U.S. Food and Drug Administration approved New Tuberculosis Drug
The U.S. Food and Drug Administration on 31 December 2012 approved a Johnson & Johnson tuberculosis drug that is counted to be first new medicine to fight the deadly infection in more than four decades...
The U.S. Food and Drug Administration on 31 December 2012 approved a Johnson & Johnson tuberculosis drug that is counted to be first new medicine to fight the deadly infection in more than four decades.
The agency approved J&J’s pill, named Sirturo, for use with older drugs to fight a hard-to-treat strain of tuberculosis that has not responded to other medications.

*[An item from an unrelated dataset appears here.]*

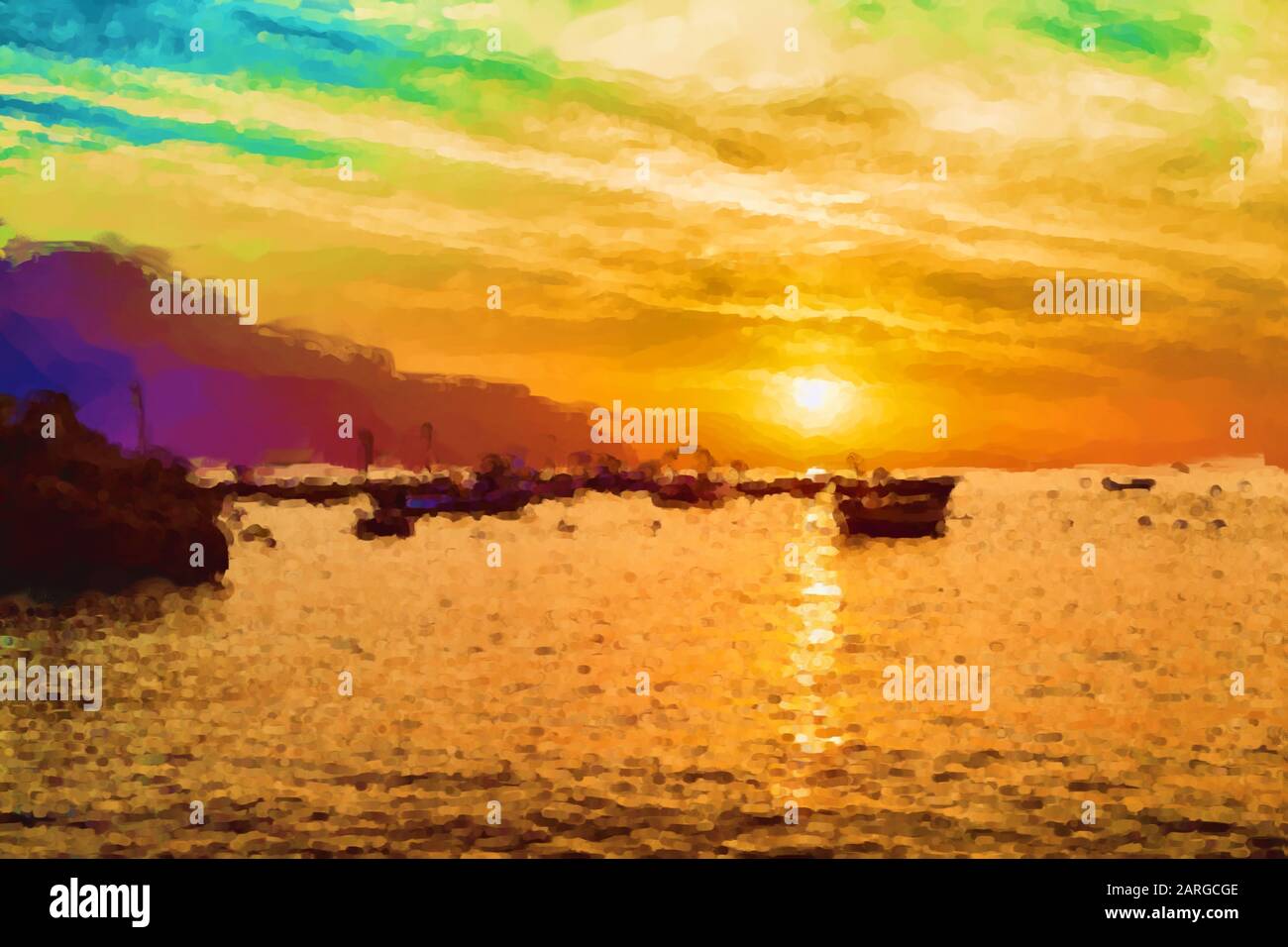Sonnenaufgang am Strand in Conca dei Marini Stockfoto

Sirturo, which chemically known as bedaquiline, is the first medicine specifically designed for treating multidrug-resistant tuberculosis. That’s a form of the disease that cannot be treated with at least two of the four primary antibiotics used for tuberculosis.
Sirturo provides much-needed treatment for patients who don’t have other therapeutic options available.
However, it was also mentioned by the agency that the drug carries risks of potentially deadly heart problems and should be prescribed carefully by doctors. The drug carries a boxed warning indicating that it can interfere with the heart’s electrical activity, potentially leading to fatal heart rhythms.
It is estimated that roughly one-third of the world’s population is infected with the bacteria causing tuberculosis. The disease is rare in the U.S., but kills about 1.4 million people a year worldwide. Of those, about 150,000 succumb to the increasingly common drug-resistant forms of the disease. About 60 per cent of all cases are concentrated in China, India, Russia and Eastern Europe.
The standard drugs used to fight the disease were developed in the 1950s and 1960s.
It was seen during company testing that Nine patients taking Sirturo died compared with two patients taking a placebo. Five of the deaths in the Sirturo group seemed to be related to tuberculosis, but no explanation was apparent for the remaining four.
Regardless of the deaths, the FDA approved the drug under its accelerated approval program, which allows the agency to clear innovative drugs based on promising preliminary results.